Henry Porter in the Observer yesterday talked about enlightened Euroscepticism.
His argument would be easier to accept if he hadn’t confused the European Court of Human Rights and its ruling on the display of crucifixes in Italian schools with the EU and standardisation.
He says “the crucifix is none of the EU’s business” and he is right. It isn’t and wasn’t.
(Even if the EU is about the accede to ECHR).
He talks about the the appointment of a President of the Council in these terms: “the point is that the coronation will take place without the involvement of the people at the very moment when Europe marks the most significant and peaceful revolution in history”. This makes me feel unspeakably angry for a number of reasons:
i) appointing a Council President is not a coronation – Henry Porter has either bought the lie or has not actually bothered to do more that read the UK press coverage of the role;
ii) there’s a number of Presidents in the European context (Commission and European Parliament Presidents already exist). Each heads an EU institution, each has a specific role in the overall EU institutional and decision-making process. It seems unlikely that they would respond positively to a huge swing of power and influence towards the role of the Council (one of the EP’s favourite experssions is “inter-institutional balance”). So I would expect that the postholders would go some way towards keeping a new “upstart” President in his or her place if they start seeing themselves in a more monarchistic light;
iii) Electing a President of the Council would be rather like directly electing a Nancy Pelosi type figure – charismatic, known internationally but more influential than powerful so how many people would bother to turn out. As far as I can see, a directly elected by the EU populace President could not be simply a President of the Council.
iv) to invoke the anniversary of being 20 years on from the fall of the Berlin Wall to imbue the declaration that it is a coronation with added significance as if it is the installation of an absolutist monarchy over all EU Member States, with echoes of totalitarianism is insulting to the reader, to common sense and to the memory of that incredible event.

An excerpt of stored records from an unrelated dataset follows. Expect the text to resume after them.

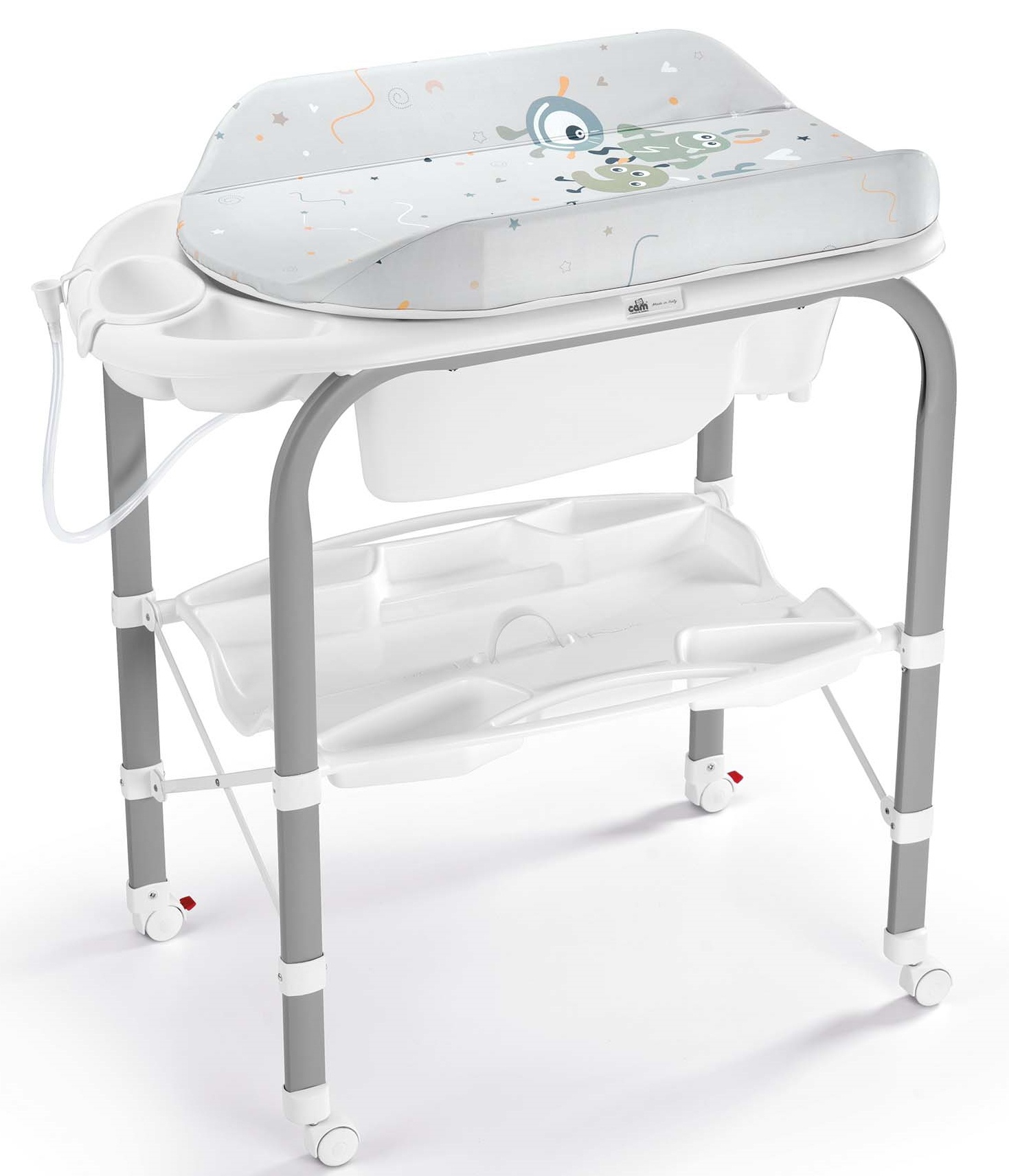 Cădiţă Cam Cambio Monsters (С209-C259)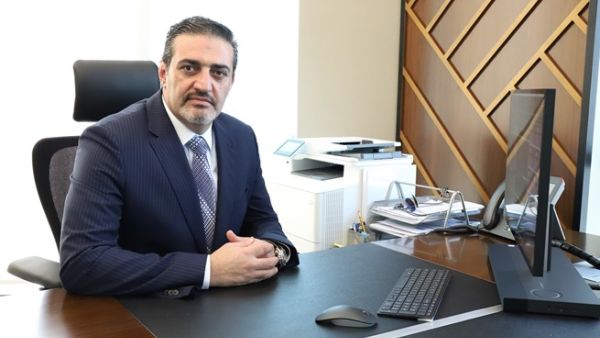Abdel Hadi Al Sa’di, Managing Director of Brokerage House Securities. Abdel Hadi Al Sa’di, Managing Director of Brokerage House Securities.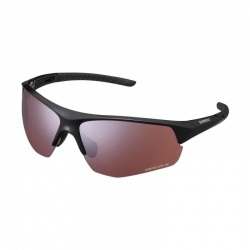 Очки Shimano TWINSPARK RIDESCAPE HIGH CONTRAST, чёрные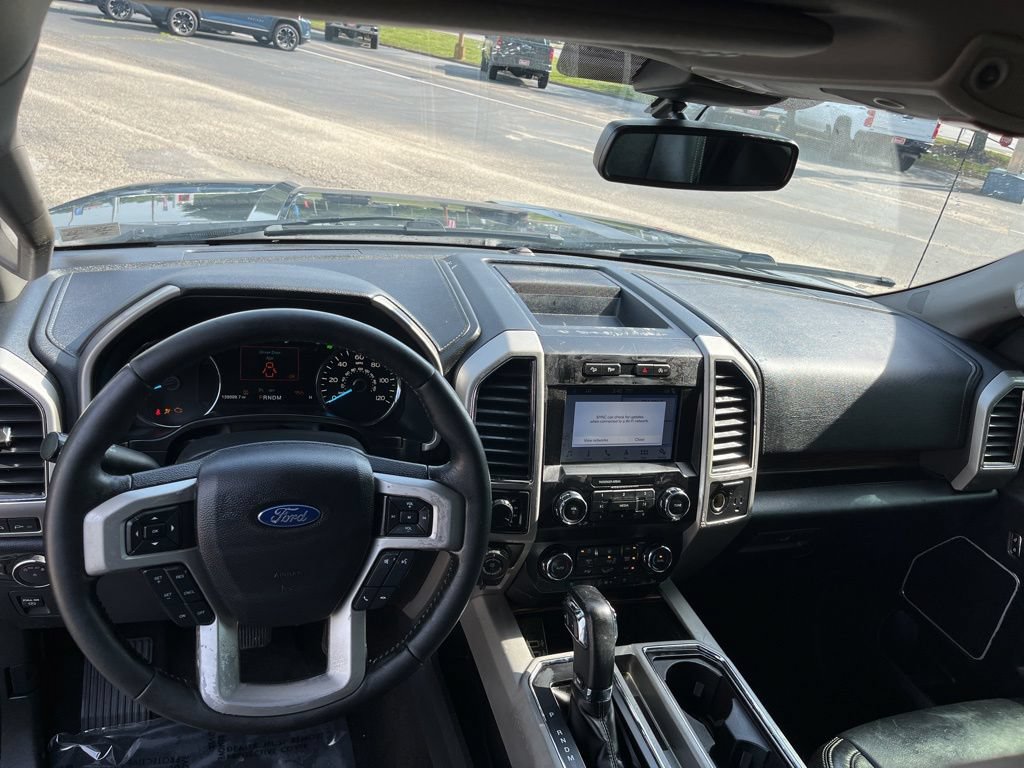 Used 2019 Ford F150 Lariat AWD/4WD image 20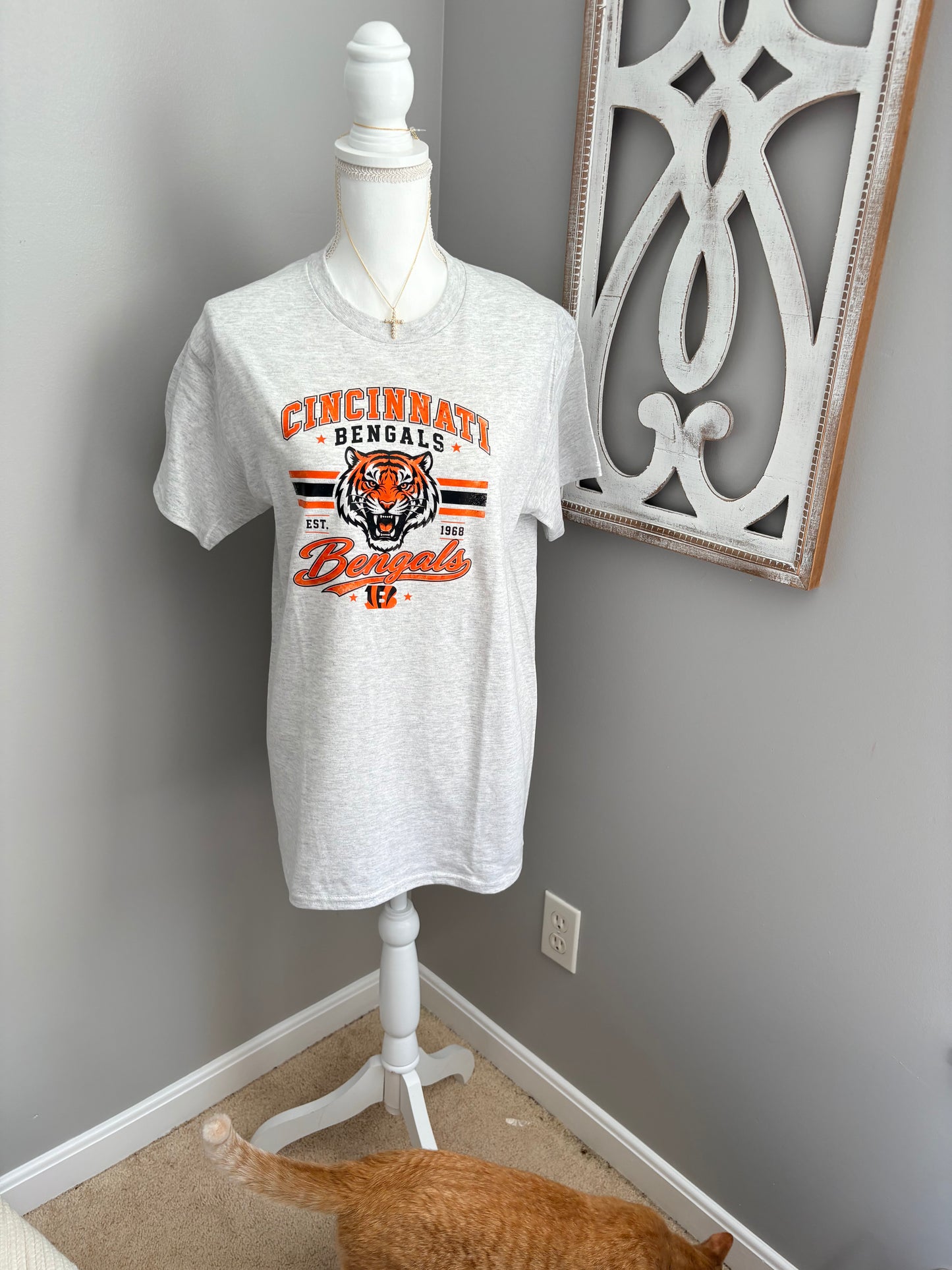 Cincinnati Bengals Original Design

Look – there was a chance, in the Constitutional Treaty and then in the Lisbon Treaty to have a directly-elected President of the EU. But the Member State governments, who agree a text and then seek ratification in their own countries depending on the system that they use for this sort of process (parliamentary approval or public referendum), didn’t go for that. They agreed to a lesser role, in one of the three main institutions rather than sitting above them all and hardly a symbol of superstatehood.
The constant assertion that the role is the supreme leader role needs to be challenged whenever it is made – that is an argument that has already been overcome.
Why can’t sceptics accept that what they’ve got is already a victory? Oh yes. Because we’ve forgotten what scepticism means!
As Julien Frisch said in his tongue-in-cheek guide to becoming a successful Euroblogger, it seems to be generally assumed that the world is divided into “Federalists” that are pro-European, and sceptics/ realists that are anti-EU.
I would argue – as would Julien, Jon Worth, Nosemonkey and a host of other Eurobloggers that enlightened scepticism is actually the position that we all seem to hold: we support the concept of the EU but don’t believe it necessarily operates in the ideal way.
We may not have a shared view over how and what it should do things differently, but the sooner we in the UK come to terms with the idea that being sceptical about something is not the same as being hostile to it, and that you can be broadly favouable towards something in cencept as well as sceptical about its execeution then the more measured, sensible and ulitimately effective and constructive a debate we can have.
So Henry Porter is right: “scepticism is not about being a little England Tory or any of the other nonsense spouted by French Euro-enthusiasts last week; it is sounding a note of caution, reserving judgement and not being in the interests of the common good”.
The behaviours the French Europe Minister described would certainly not be “sceptical” behaviours if we are using the word properly.
I would add that a decent dash of scepticism is vital to get an approach to life verging on “everything in moderation”.
Henry Porter is also right that people have to take responsibility and that the role of the people in a democracy is something that should not ignored.
But detail matters too. And how can the people take informed decsions when they’re given distorted pictures on which to form their views?
So please – journalists, subs, editors, proprietors. We understand that your first job is to write stories that sell papers or get ratings. This is not always completely compatible with accuracy.
And sometimes, as I would hope is the case with Henry Porter’s article, it may be uninformed error rather than deliberate innacuracy that leds to this sort of rant from bloggers.
But democracy itself is affected by what you say, what you publish (you’ve even boasted about this in the past e.g. “It was the Sun wot won it”). You owe it to your readers to act responsibly. And the occasional full article correction, rather than burying corrections away near the letters page or just not bothering would really be a start.
Update: excellent guide to the various Councils now available on Nosemonkey’s EUtopia blog. Fab stuff indeed.